Four hundred episodes later, 'Simpsons' rake in the 'D'oh!'
published: Saturday | May 19, 2007


'The Simpsons' marks its 400th episode Sunday night at 8 on Fox. From left: Bart, Marge, Lisa and Maggie.

It is the 15-minute doodle that has raked in billions. Matt Groening drew The Simpsons in 15 minutes for The Tracey Ullman Show on the then-fledgling Fox network. Twenty years later, after President George H.W. Bush vilified it, critics hailed it, and the industry feted it with awards, The Simpsons celebrates its milestone 400th episode Sunday, May 20, with 'You Kent Always Say What You Want'.

The Simpsons Movie opens July 27, a video game is planned, and Universal Studios Hollywood and Universal Orlando Resort are slated to open Simpsons rides in spring 2008.

This success is far beyond what creator Matt Groening had dared hope, yet the man who still writes the weekly comic strip "Life in Hell" knew from the start that this family was special.

"I thought The Simpsons was going to be a hit show," Groening says in a rare interview. "I thought, 'We need to have a prime-time cartoon on the air. This is what I would have wanted to see on the air when I was akid.' That is what I am always thinking on any creative project. My worry was that adults would not give it a chance because it is a cartoon and say, 'Oh, another show for kids.' If I could get adults' attention, then they would like it. I never imagined I would be talking about it 20 years later. April 19 was the 20th anniversary of the first Simpsons on Tracey Ullman. "

Original design

The characters have morphed from their initial harsher look on Ullman's show.

"On almost every long-lasting cartoon, the characters do change," Groening says. "Mickey Mouse transformed, Bugs Bunny transformed, Betty Boop had dog ears. It comes in part as the people who draw the characters get used to them and get to know them and they take on a life of their own. I always meant the original design for the characters just to be a jumping-off point. I knew they would get simplified and perfected, and it took a few years to get them to the stage I wanted."

Groening's work is simple, though never simplistic. His cartoon bunnies in "Life in Hell" resemble Marge Simpson, and anyone who has read his work over the years instantly recognises his characters, with their protruding eyes, rounded teeth and thick lines.

"All of my drawings are very similar," he says. "My theory of animation design is to make your characters identifiable in silhouette."

As usual, Sunday's episode is funny, based on the script alone, as the show was not ready at this writing.

Luda-Crest

In it, there are gentle pokes at dentists (a sign at the dentist's office reads: "No matter how you brush, you are doing it wrong"), and a celebrity guest star, Ludacris, voices Luda-Crest, a talking tube of toothpaste.

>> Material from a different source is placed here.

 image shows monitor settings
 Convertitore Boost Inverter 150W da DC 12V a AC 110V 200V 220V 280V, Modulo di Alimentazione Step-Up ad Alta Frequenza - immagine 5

Kent Brockman, the nimrod newscaster, blurts out a heinous curse that gets him fired. The pompous anchorman had lost his on-air composure after Homer spilled scalding coffee in his lap.

As is often the case in Springfield, the trouble can be traced to Homer. As short-sighted, gluttonous, immature and selfish Homer is, under those layers of fat a good heart beats - provided Marge and Lisa explain why he is good.

Dan Castellaneta has voiced Homer from the beginning, when he sounded like Walter Matthau on a bender. Few actors have the opportunity to play a character for so long, and in the rare instances they do, actors (notably Kelsey Grammer) say that they can think like their characters.

"Sometimes around food I will go, 'Mmmmm, hot dog,"' Castellaneta says, breaking into his Homer voice. "I don't think it's a good idea to think too much like Homer; you would get into too much trouble."

Offscreen, Castellaneta's Chicago accent is prominent, and he, like his cast mates, continues to work on many other projects. Still, it's a fair bet that no other role will ever give him a chance to coin a phrase that is included in the Oxford English Dictionary.

Castellaneta is the man behind, "D'oh!" Homer's signature phrase, uttered after he does something stupid, a pretty common occurrence.

"It was surreal; something I did wound up being in the dictionary," he says. He freely admits to borrowing the phrase from comedian Jim Finlayson, who was a Keystone Cop and a foil to Laurel and Hardy.

"When they would skip out on the rent, he'd say, 'd-ooooh,' and you know it was a euphemism for 'damn.' This was during the Hays office (the era from 1930 to 1968 when profanity was strictly forbidden in film). So when I did it, it was written as an annoyed grunt, and I asked Matt and I did that 'd-ooooh,' and he said, 'Can you do it faster? It's animation.' "

Groening continues to work on the show in many capacities. He reflects - more honestly than most would - on reaching the 400th episode.

Concentration to detail

"It's too many episodes," he says and laughs, realising no creator should admit such a thing. "It made sense to me when we did 366; that was one episode a day including leap year, and now you can go for more than a year. We have gone beyond the 400 with what we are working on. It is great to have so many episodes that even I can't remember everything that has happened. I can tune in to old reruns, and I can get caught up in it.

"I don't see any reason for us to stop unless there is a feeling we are not having fun anymore," Groening says. "The only thing that is not fun about doing this anymore is it does not get any easier. The animation takes as much steady concentration to detail, so sometimes we get fatigued. The worst aspect of this job is cold pizza at midnight, when you are still writing, and that's not so bad. And creatively it is so much fun to work on a show where anything we can think of, we can do."